*** COLLECTED MATERIAL Section Begins ***

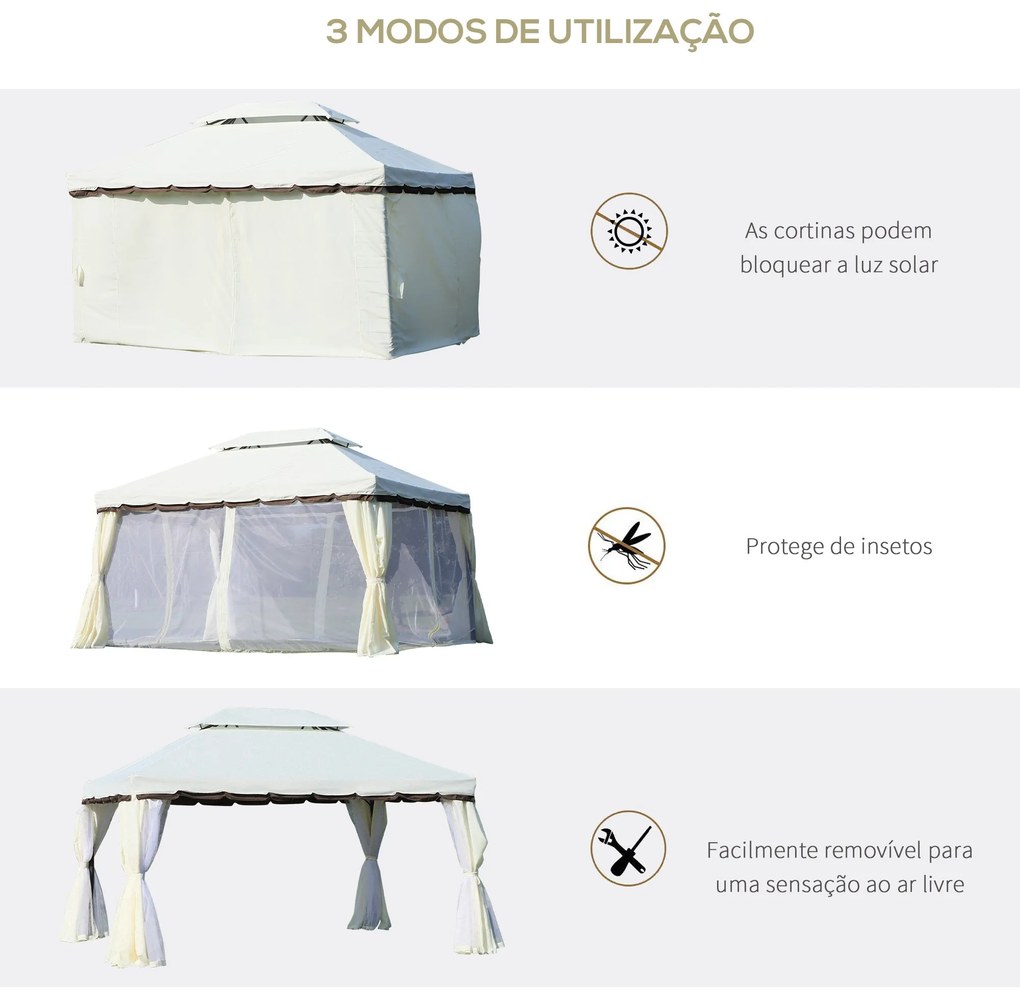 Pérgola de Jardim 390x290 cm Pérgola de Alumínio com Teto de Ventilaçã
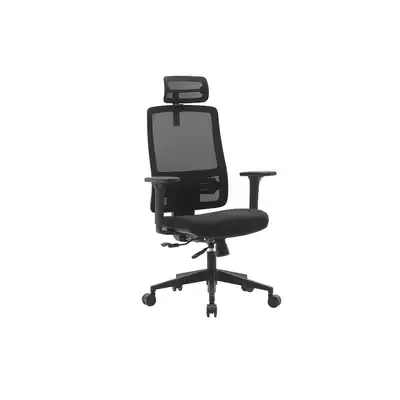 FOTEL ERGONOMICZNY POPSTAR MESH LUX HR, CZARNY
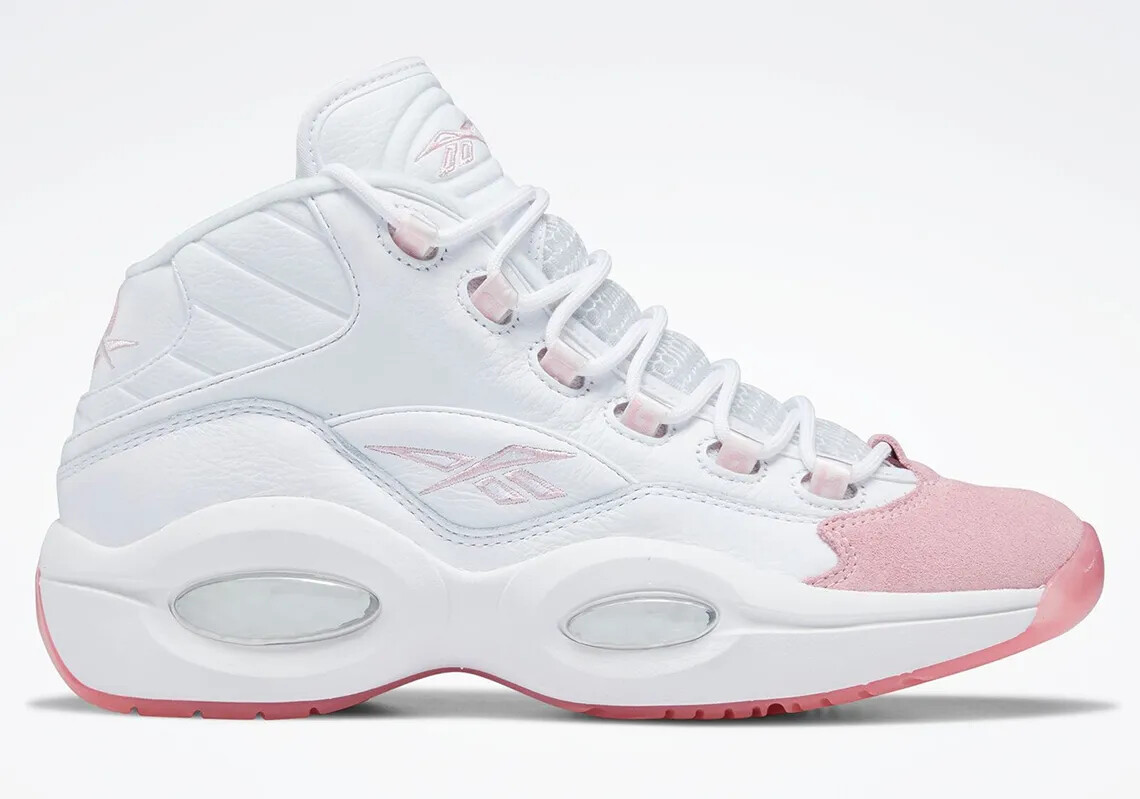 Бело-розовые светящиеся кроссовки Reebok Question Mid Pink Toe G55120, мужские размеры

*** COLLECTED MATERIAL Section Ends ***

WHAT NEEDS TO BE DONE: Write out the material exactly as it stands, omitting every picture.

EXERCISE SOLUTION:
 Pérgola de Jardim 390x290 cm Pérgola de Alumínio com Teto de Ventilaçã
 FOTEL ERGONOMICZNY POPSTAR MESH LUX HR, CZARNY
 Бело-розовые светящиеся кроссовки Reebok Question Mid Pink Toe G55120, мужские размеры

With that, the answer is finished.